Il tenore dei messaggi che ci arrivano in redazione è ampiamente in linea con quel che si legge su forum, blog e facebook da parte della maggioranza dei tifosi del Padova. Arrabbiati, delusi e frustrati per la piega che ha preso la settimana antecedente alla partitissima con il Torino. I biglietti innanzitutto, poi il caso El Shaarawy. Ne riportiamo alcuni:
- Povero cestaro circondato da una manica di incapaci! S.L.
- Potti e Sottovia date le dimissioni, dovevate fare i modo di agevolare i tifosi non abbandonarli così. Sono deluso, in questi momenti mi viene voglia di non seguire più la mia squadra... M.C.
- Sottovia aveva detto che non si aspettava 1500 tifosi, pensava e si augurava fossero meno. Ma come poteva pensare una cosa del genere??? L.B.
- Albertini non farti più vedere a Padova, da beniamino sei diventato un uomo di m.... E' così che ci aiuti, razza di ......? B.M.
- L'ennesima dimostrazione che non contiamo nulla nelle alte sfere del palazzo. Voglio proprio vedere se El Shaarawy a squadre invertite lo bloccavano in Polonia... C.C.
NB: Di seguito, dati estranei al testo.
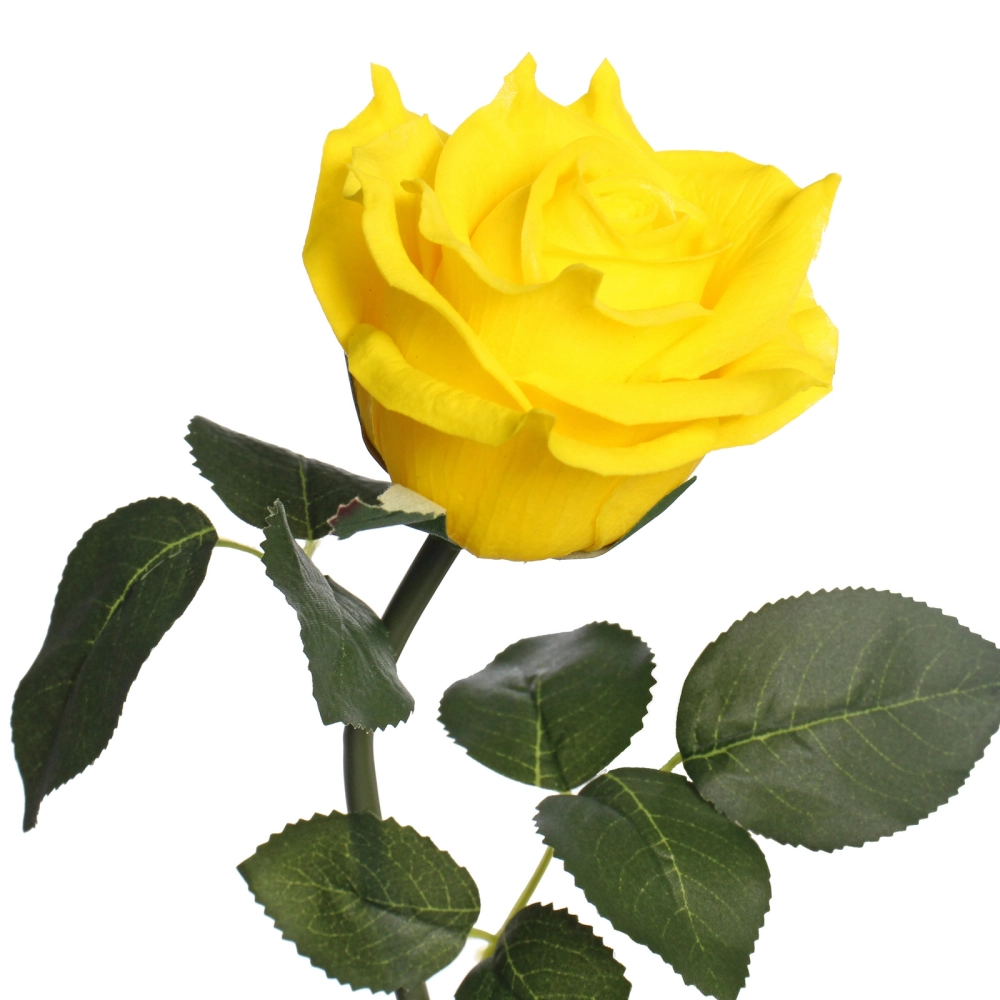 Цветок искусственный «Natur» 50см Роза желтая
Sui relativamente pochi biglietti concessi ai padovani la situazione è piuttosto ambigua: il CASMS non ha ritenuto la trasferta dei padovani a Torino a rischio, però le autorità (nella persona del Prefetto di Torino) hanno imposto che non si superasse il limite dei 1490, vietando (almeno a parole) la vendita ai residenti in Veneto negli altri settori, per motivi di sicurezza. Allora, Torino-Padova è a rischio o no? Mistero. Ad essere penalizzati ovviamente sono i tifosi biancoscudati, soprattutto i tanti rimasti senza biglietto che saranno costretti a vedere la partita da casa. Oltretutto andrebbe rivisto tutto il sistema di distribuzione dei biglietti, possibile che nel 2011 non si possa fare il biglietto dal proprio computer evitando file inumane come quelle a cui abbiamo assistito? Su El Shaarawy: dopo Padova-Livorno sembrava quasi scontato il ritorno di El Shaarawy per Torino (basta leggere le dichiarazioni piene di ottimismo da parte del Padova), con il passare dei giorni il Piccolo Faraone è diventato un affare di Stato. La FIGC ha preferito non disturbare nessuno (leggi Torino) e, magicamente, la partita tra Italia e Irlanda under 19 è diventata una finale dei mondiali, motivo per cui El Shaarawy dovrà rimanere in nazionale. Più che il poco peso del Padova io sottolineerei la forte influenza del Torino Calcio. (Ste.Via.)